Optionally the gesture recognizer is further configured to track using pupils, and to determine a sensor for recognizing the depth-of-focus position of the gesture of the user.
Optionally the sensors are arranged above one of: a color filter substrate, an array substrate, a backlight plate, a printed circuit board, a flexible circuit board, a back plane, and a cover plate glass.
An embodiment of the present disclosure provides a display device including the device according to the embodiment of the present disclosure.
An embodiment of the present disclosure provides a method for recognizing a gesture, the method including: recognizing a depth-of-focus position of a gesture of a user; and recognizing the gesture according to the depth-of-focus position of the gesture of the user and a 3D display image.
Optionally the method further includes: presetting a plurality of ranges of operation depth-of-focus levels for the user.
Optionally recognizing the depth-of-focus position of the gesture of the user includes: recognizing a range of operation depth-of-focus levels corresponding to the depth-of-focus position of the gesture of the user.
Optionally recognizing the gesture according to the depth-of-focus position of the gesture of the user and the 3D display image includes: recognizing the gesture on an object in the 3D display image in the range of operation depth-of-focus levels corresponding to the depth-of-focus position of the gesture of the user.
Optionally presetting the plurality of ranges of operation depth-of-focus levels for the user includes: presetting the plurality of ranges of operation depth-of-focus levels for the user according to ranges of depths of focus of gestures of the user acquired when the user makes the gestures on objects at the different depths of focus in the 3D display image.
Optionally the method further includes: predetermining a correspondence relationship between a value of operation depth of focus in a user gesture and a value of depth of focus in a 3D display image.
Optionally recognizing the gesture according to the depth-of-focus position of the gesture of the user and the 3D display image includes: determining a value of depth of focus in the 3D display image corresponding to the depth-of-focus position of the gesture of the user according to the correspondence relationship, and recognizing the gesture in the 3D display image with the value of depth of focus.
Optionally predetermining the correspondence relationship between a value of operation depth of focus in a user gesture and a value of depth of focus in a 3D display image includes: predetermining the correspondence relationship between a value of operation depth of focus in a user gesture, and a value of depth of focus in a 3D display image according to normalized coordinates in the largest range of depths of focus that can be reached by a gesture of a user, and normalized coordinates in the largest range of depths of focus for a 3D display image.
In order to make the technical solutions according to the embodiments of the present disclosure more apparent, the drawings to which reference is made in the description of the embodiments will be introduced briefly, and apparently the drawings to be described below are only some embodiments of the present disclosure, and those ordinarily skilled in the art can further derive other drawings from these drawings here without any inventive.
The embodiments of the present disclosure provide a device and method for recognizing a gesture, and a display device, so as to recognize a gesture on a 3D display.
The embodiments of the present disclosure provide a method for recognizing a gesture on a 3D display, and a corresponding display panel and display device, and particularly relate to: 1. a solution to matching a depth of focus of a 3D display to a sight of human eyes so that a person performs a gesture operation on a really touched image in a 3D space; 2. a hardware solution in which multiple technologies are integrated with multi-sensor sensing to thereby make use of their advantages and make up each other's disadvantages so as to detect a gesture precisely in a full range; and 3. a solution in which pupils are tracked to preliminarily determine an angle of view of a person, and an object to be operated by the person, and a gesture is detected using a sensor at a corresponding orientation as a primary sensor, thus greatly improving the precision of detection so as to prevent an operational error.
Firstly a first method for recognizing a gesture on a 3D display according to an embodiment of the present disclosure will be introduced, where depth-of-focus levels are defined in a 3D display space and a gesture operation space to thereby enable a user to control display objects at the same orientation but different depths of focus.
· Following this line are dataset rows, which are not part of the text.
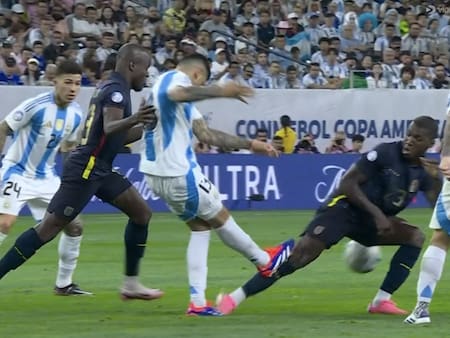 VIDEO | Igual a la de Gabriel Suazo: jugador de Argentina pegó este planchazo y ni siquiera cobraron falta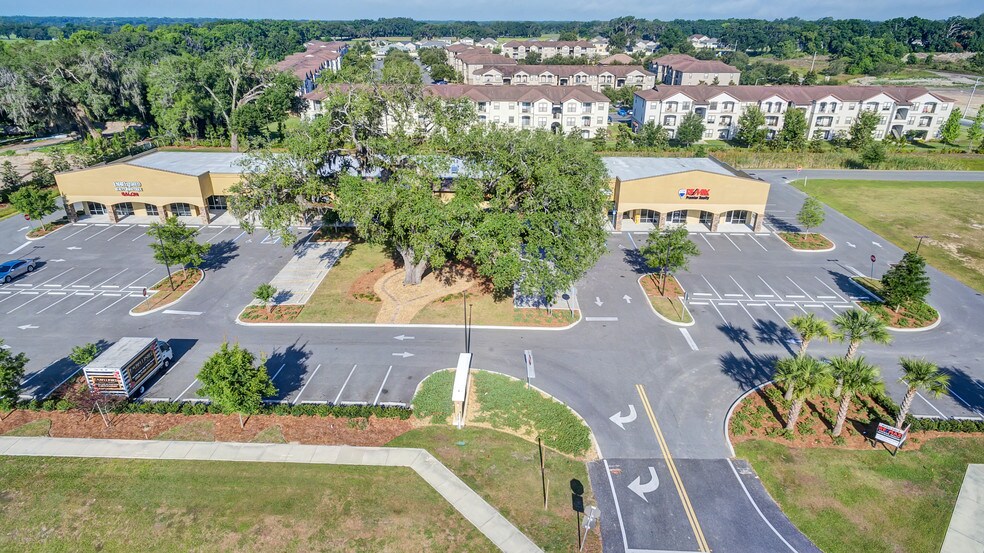 More Photos Of 9668 N US Highway 301, Wildwood Storefront Retail Office For Lease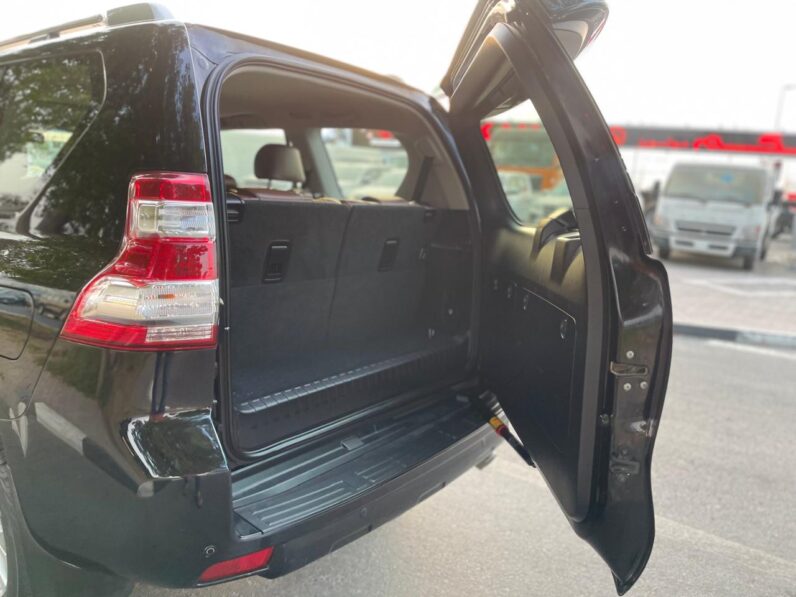 Toyota Prado 2016 VX.R Full Option 2.7L V4 GCC Specs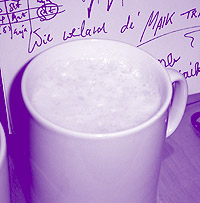 EINE TASSE BIER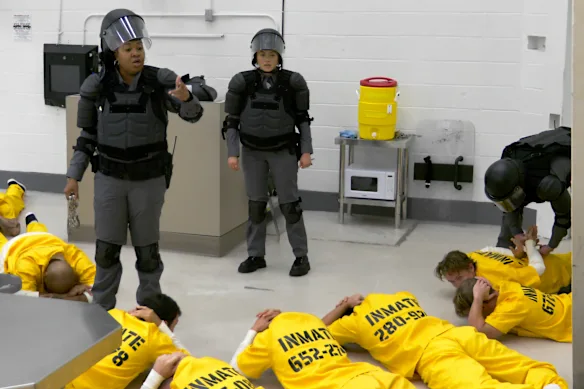 Netflix a recréé une étude psychologique controversée dans The New Stanford Prison Experiment.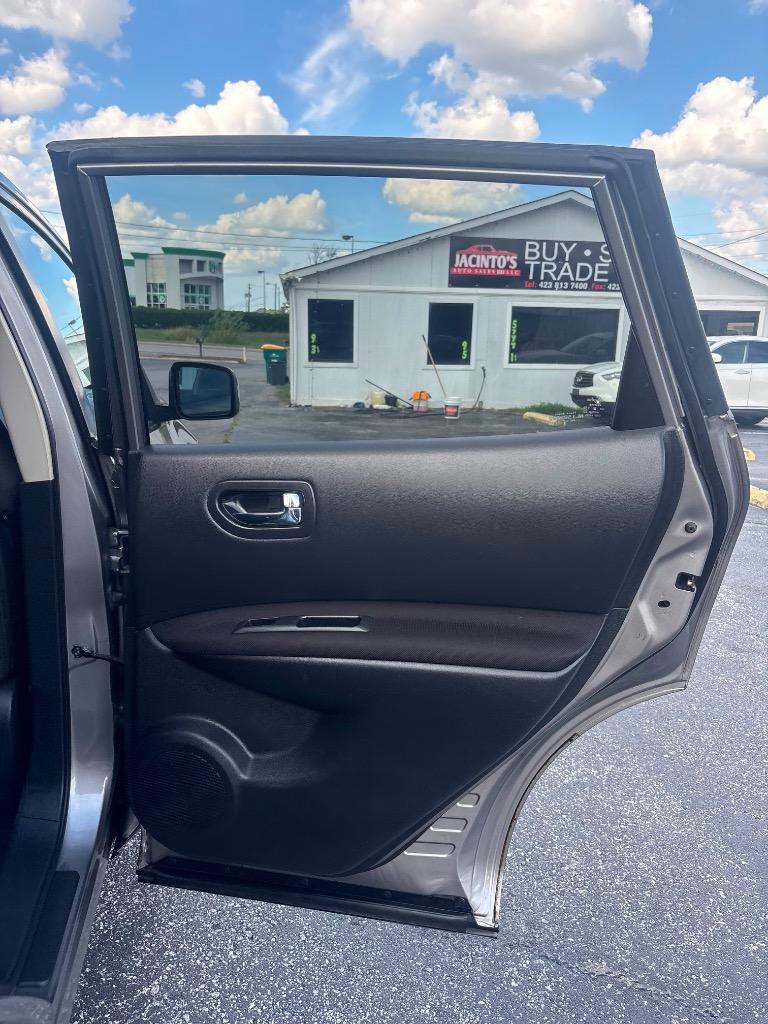 2013 Nissan Rogue - $8,995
Furthermore there is further provided a second method for controlling a display object at any depth of focus by comparing the coordinates of the position of a gesture with the coordinates of the depth of focus of a 3D image.
The step S201 is to calibrate a device, where depth-of-focus levels corresponding to an operating habit of a human operator are defined by presetting a plurality of ranges of operation depth-of-focus levels for the user. For example, there are operations at different depth-of-focus levels corresponding to different extension states of an arm of the gesturing making operator with reference to his or her shoulder joint. Given two depth-of-focus levels, for example, while a 3D image is being displayed, the device asks the user to operate on an object closer thereto, and the human operator performs operations of leftward, rightward, upward, downward, frontward pushing, and backward pulling, so the device acquires a range of coordinates of depths of focus as Z1 to Z2. At this time, the arm shall be bent, and the hand shall be closer to the shoulder joint. Alike the device asks the user to operate on an object further therefrom, and acquires a range of coordinates of depths of focus as Z3 to Z4. At this time, the arm shall be straight or less bent, and the hand shall be further from the shoulder joint. A midpoint Z5 between Z2 and Z3 is defined as a dividing line between near and far operations, thus resulting in two of near and far depth-of-focus operation spaces, where Z1<Z2<Z5<Z3<Z4. Accordingly in a real application, if the Z-axis coordinate of a gesture, which is less than Z5 is acquired, then it may be determined that the user is operating on an object closer thereto, and there is a corresponding range of depth-of-focus coordinates, Z1 to Z2, which is referred to a first range of operation depth-of-focus levels, for example; otherwise, it may be determined that the user is operating on an object further therefrom, and there is a corresponding range of depth-of-focus coordinates, Z3 to Z4, which is referred to a second range of operation depth-of-focus levels, for example.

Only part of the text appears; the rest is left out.